*Task description:* Repeat the listing verbatim. Drop any pictures.

*Dataset section:*
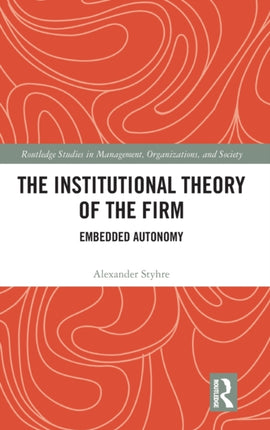 The Institutional Theory of the Firm Embedded Autonomy Routledge Studies in Management Organizations and Society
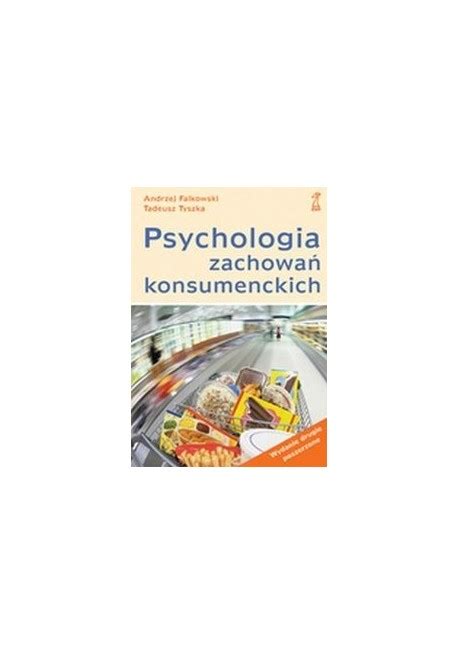 Psychologia Zachowa Konsumenckich Andrzej Falkowski Tadeusz Tyszka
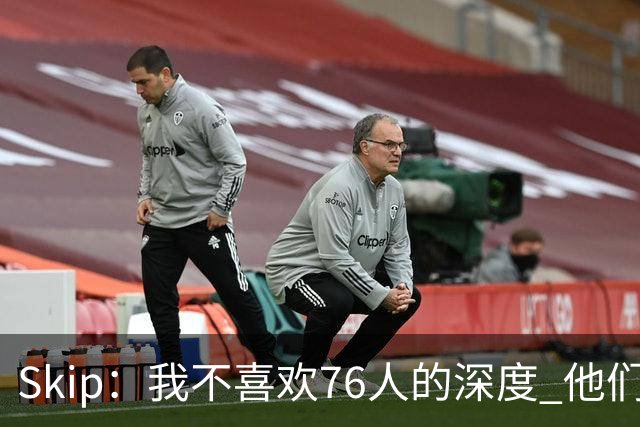 Skip：我不喜欢76人的深度 他们会在总决赛六场内输给雷霆！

*Solution for this task:*
 The Institutional Theory of the Firm Embedded Autonomy Routledge Studies in Management Organizations and Society
 Psychologia Zachowa Konsumenckich Andrzej Falkowski Tadeusz Tyszka
 Skip：我不喜欢76人的深度 他们会在总决赛六场内输给雷霆！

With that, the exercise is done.